Misket

Hülya Ekşigil*

Çocukken başlamış olmalı, kavgayı sadece ateşi harlayarak kazanacağına inanmak. Paylaşamadığın misketleri birleştirip beraber oynamak yerine, dövüşüp hepsini arkadaşının elinden almak. Ve bir kere bunu becerebildiğini gördükten sonra, mahalledeki tüm çocukların misketlerine istediğin zaman el koymak. Yıllar geçip misketlerin yerini ideolojik davalar aldığında da değişen bir şey olmuyor. Hamur baştan nasıl karıldıysa, öyle.

Mutlak iktidar bir kez ele geçirildiyse, artık kimseyle paylaşılmıyor. Ama konu paylaşmak bile değil. Bir başkasının da ‘istemesi’, hak iddia etmesi, hatta şikayet etmesi yetiyor. Anlamak, uzlaşmak değil, dövüşmek için programlı bu bünyenin düzenine sokulan her çomak, ‘hak ettiği’ cevabı alıyor derhal. İşsiz kalıyor, yaftalanıyor, vergi cezalarına boğuluyor, hapislerde çürüyor. Canan Kaftancıoğlu ve Osman Kavala gibi figürlerin yargılanabilmesi, hapis yatabilmesi hiçbir ‘demokratik’ rejimde açıklanamaz. Akıldan bile geçirilemez. Hiçbir yönetimin ‘yüzü’, bu insanlara dava açmaya tutmaz, tutamaz. Meğer ki o ‘yüz’ çoktan silinip gitmiş olmasın. Emir kullarını kulluklarıyla başbaşa bırakıp, emrin geldiği o yüksek tepelere baktığımızda gördüğümüz aslında sağa sola beyhude yumruk tekme sallayıp kan-ter içinde kalan acınası biri.

Çünkü sadece bunu biliyor. Uzlaşma diline, anlama yetisine, kendininkinden başka bir dünya tahayyülüne sımsıkı kapalı bir aklın esiri. Tehditleri ancak daha büyük tehditlerle bastırabileceğine, aykırı her sesi demir parmaklıkların arkasında boğabileceğine, baş kaldırana ‘derdin ne?’ demek yerine o başı ezmesi gerektiğine iman etmiş bir kere. Tek bir çatlak ses istemiyor.

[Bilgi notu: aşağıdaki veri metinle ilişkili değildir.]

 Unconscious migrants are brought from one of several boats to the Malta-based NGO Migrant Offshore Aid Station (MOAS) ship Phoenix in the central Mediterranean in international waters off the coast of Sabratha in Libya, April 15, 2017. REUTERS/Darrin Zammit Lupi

Çünkü o sese verecek bir cevabı yok. Hitabeti kuvvetli ama, ‘konuşmayı’ bilmiyor. Karşısındakiyle anlaşmak adına yapabileceği en fazla ‘ikna etmeye’ çalışmak. O da olmazsa, ‘elinden bir şey gelmiyor’. O durumda kendine ters düşeni -ki bu ‘tehlike’ ile eşanlamlı sayılır-  böcek gibi ezmek, ezemezse de korkutup oyun sahnesinin dışına düşürmekten başka ‘seçeneği kalmıyor’. Sadece bunu biliyor. Bu acıklı mı acıklı tablo bir insanın dramı olmaktan çıkıp bir ülkenin dramına dönüşmeseydi eğer, içimizi sızlatabilirdi belki. Ama oraları çoktan geçtik. Anlaşmaya zaten niyeti olmadığını öne sürmek de mümkün. Ama artık istese de yapamaz. O da o noktayı çoktan geçti.

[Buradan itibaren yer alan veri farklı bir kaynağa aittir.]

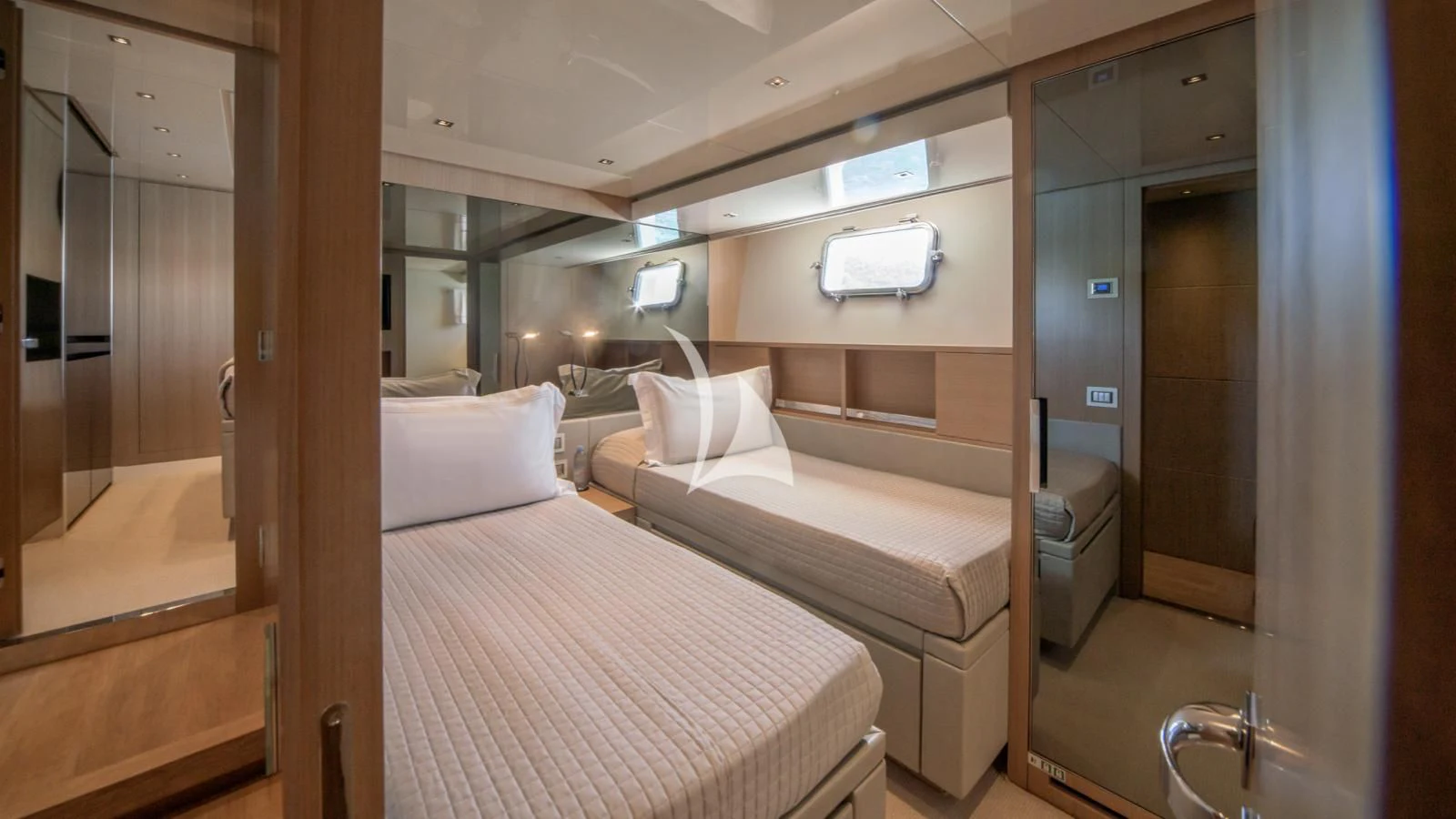 a room with a bed and a mirror aboard SQUALO Yacht for Sale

On yıldan fazla oldu gerçek bir gazetecinin karşısına çıkıp da gerçek bir soruyu cevaplamayalı. Biriktirdiği bagaj o kadar yüklü ki, kapağını aralarsa içinden çıkacakları göze alması imkansız. O zaman ortalıkta başkasına ait tek bir misket bırakmamaktan başka çare kalmıyor. Çektiğimiz bunca acı ve sıkıntı bir çocuğun küçükken iyi eğitilememiş olmasının, elindekileri ‘kavgayla alıp kavgayla korumak’ dışında bir yol öğrenememiş olmasının bedeli aslında. Konuşmak da anlaşmak da çocukken, misketleri paylaşırken, ya öğreniliyor ya da öğrenilemiyor.